Valeria Welfo, 41, que tem um bom trabalho na agência tributária da Argentina, recentemente começou a comprar alimentos em um mercado de rua barato. "Estou economizando tudo", conta. Em casa, ela diz a seus cinco filhos que apaguem as luzes quando não precisarem deles: as contas de eletricidade dobraram desde que o governo retirou os subsídios aos serviços públicos como parte de seu plano para combater o déficit fiscal.
A última vez que Welfo estava em um mercado de rua, ela gastou uma hora e meia na fila para pagar os produtos. Ela não teria feito isso no passado, mas agora, segundo ela, vale a pena.
FMI
Em junho, o Fundo Monetário Internacional (FMI) concedeu uma linha de crédito de US$ 50 bilhões à Argentina – a maior da história do fundo – para ajudar o país a sustentar suas finanças. Não foi o suficiente para impedir a crescente desvalorização do peso, já que os investidores continuaram tirando seu dinheiro do país.
Em 30 de agosto, o Banco Central elevou sua taxa básica de juros para 60% para tentar tornar o peso mais atraente para os investidores. Isso, por sua vez, teve um sério impacto na capacidade das pequenas empresas domésticas de obter crédito a preços acessíveis. Alguns cartões de crédito estão cobrando mais de 100% de juros anuais sobre pagamentos diferidos.
"Acreditamos com excessivo otimismo que poderíamos ir consertando as coisas pouco a pouco, mas a realidade nos mostra que temos que nos mover mais rápido", disse Macri neste mês, referindo-se ao seu programa econômico. "O mundo nos disse que estamos vivendo além de nossos meios".
O governo anunciou medidas de austeridade, incluindo a redução do número de ministérios e a imposição de um imposto sobre as exportações. O objetivo é eliminar seu déficit fiscal no próximo ano. Para aumentar a confiança do mercado e estabilizar a economia, renegociou o acordo com o FMI este mês, aumentando o empréstimo para US$ 57,1 bilhões e ganhando acesso acelerado aos fundos.
Fator decisivo
Os argentinos se preocupam com a economia mais do que qualquer outra coisa.
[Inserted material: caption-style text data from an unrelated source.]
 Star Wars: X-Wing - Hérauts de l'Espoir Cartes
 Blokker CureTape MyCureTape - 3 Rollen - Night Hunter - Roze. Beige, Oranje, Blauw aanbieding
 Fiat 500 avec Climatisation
"Nos últimos 20 anos, o foco mudou entre o crime e os problemas econômicos", diz Juan Germano, diretor da Isonomía, uma empresa de consultoria de opinião pública. "Mas pelo menos nos últimos 10 meses o foco tem sido constante na economia".
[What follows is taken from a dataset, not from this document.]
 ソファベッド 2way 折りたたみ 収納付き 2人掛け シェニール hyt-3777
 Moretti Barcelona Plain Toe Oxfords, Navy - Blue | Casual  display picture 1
A Argentina passou por uma difícil crise econômica recentemente. Em 2001-2002, a economia entrou em colapso e o país deixou de pagar US$ 100 bilhões em empréstimos. Houve um enorme aumento da pobreza.
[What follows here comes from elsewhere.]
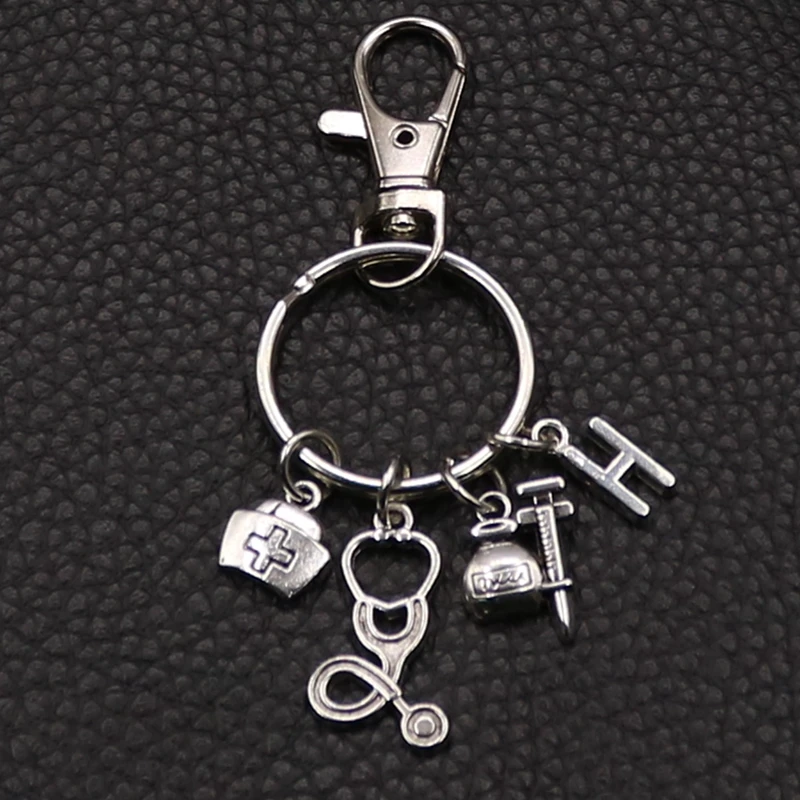 Брелок с медицинским символом брелок со стетоскопом для медицинского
Mas Germano diz que esta crise é diferente da anterior: houve uma rejeição geral da classe política na época e o desemprego foi de cerca de 20%, enquanto agora é cerca de metade dessa taxa.
A situação atingiu a imagem do presidente, com 52% dos argentinos vendo-o desfavoravelmente, segundo a Isonomía. No entanto, é amplamente esperado que Macri busque a reeleição em outubro de 2019.
Sua principal rival provavelmente será Cristina Kirchner, que vai tentar voltar ao poder enquanto enfrenta vários processos judiciais por suspeita de corrupção. Muitos na Argentina rejeitaram o modo como seu governo administrava o país e nunca votaria nela. Mas outros agora estão se perguntando se Macri merece um segundo mandato e se ele é realmente capaz de consertar a economia sempre instável da Argentina.